TASK REQUIREMENTS: Only the final stretch of the data is wanted: reproduce the line containing "ALO Yoga White High-Waist Leggings" and each line after it, exactly.

--------

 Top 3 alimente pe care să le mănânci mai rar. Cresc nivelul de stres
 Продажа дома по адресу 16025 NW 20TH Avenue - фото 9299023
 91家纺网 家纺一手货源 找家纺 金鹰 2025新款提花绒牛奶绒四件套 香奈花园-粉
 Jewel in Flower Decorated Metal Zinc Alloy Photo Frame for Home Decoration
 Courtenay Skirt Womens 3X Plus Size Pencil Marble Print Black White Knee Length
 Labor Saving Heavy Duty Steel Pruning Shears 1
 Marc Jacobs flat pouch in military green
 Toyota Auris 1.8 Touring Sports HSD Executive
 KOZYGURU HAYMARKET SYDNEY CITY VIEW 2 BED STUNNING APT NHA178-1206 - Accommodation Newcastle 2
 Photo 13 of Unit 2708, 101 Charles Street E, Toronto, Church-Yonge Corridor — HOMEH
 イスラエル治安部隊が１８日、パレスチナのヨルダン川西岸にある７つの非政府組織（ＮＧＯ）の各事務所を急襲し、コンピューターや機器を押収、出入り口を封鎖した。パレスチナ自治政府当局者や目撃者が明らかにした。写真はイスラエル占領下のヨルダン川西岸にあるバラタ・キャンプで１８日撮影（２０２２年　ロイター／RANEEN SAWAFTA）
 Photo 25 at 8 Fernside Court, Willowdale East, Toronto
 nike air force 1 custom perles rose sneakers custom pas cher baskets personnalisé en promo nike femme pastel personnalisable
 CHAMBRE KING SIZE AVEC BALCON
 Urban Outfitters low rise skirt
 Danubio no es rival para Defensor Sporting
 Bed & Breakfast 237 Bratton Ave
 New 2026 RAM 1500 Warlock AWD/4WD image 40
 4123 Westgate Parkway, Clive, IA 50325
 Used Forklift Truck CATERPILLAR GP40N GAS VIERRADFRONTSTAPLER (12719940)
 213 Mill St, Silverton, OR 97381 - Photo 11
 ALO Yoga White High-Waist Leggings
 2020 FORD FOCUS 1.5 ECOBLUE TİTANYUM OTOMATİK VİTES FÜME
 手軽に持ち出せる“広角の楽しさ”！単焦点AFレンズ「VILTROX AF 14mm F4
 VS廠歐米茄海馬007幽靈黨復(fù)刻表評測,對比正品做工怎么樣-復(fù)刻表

--------

REPLY:
 ALO Yoga White High-Waist Leggings
 2020 FORD FOCUS 1.5 ECOBLUE TİTANYUM OTOMATİK VİTES FÜME
 手軽に持ち出せる“広角の楽しさ”！単焦点AFレンズ「VILTROX AF 14mm F4
 VS廠歐米茄海馬007幽靈黨復(fù)刻表評測,對比正品做工怎么樣-復(fù)刻表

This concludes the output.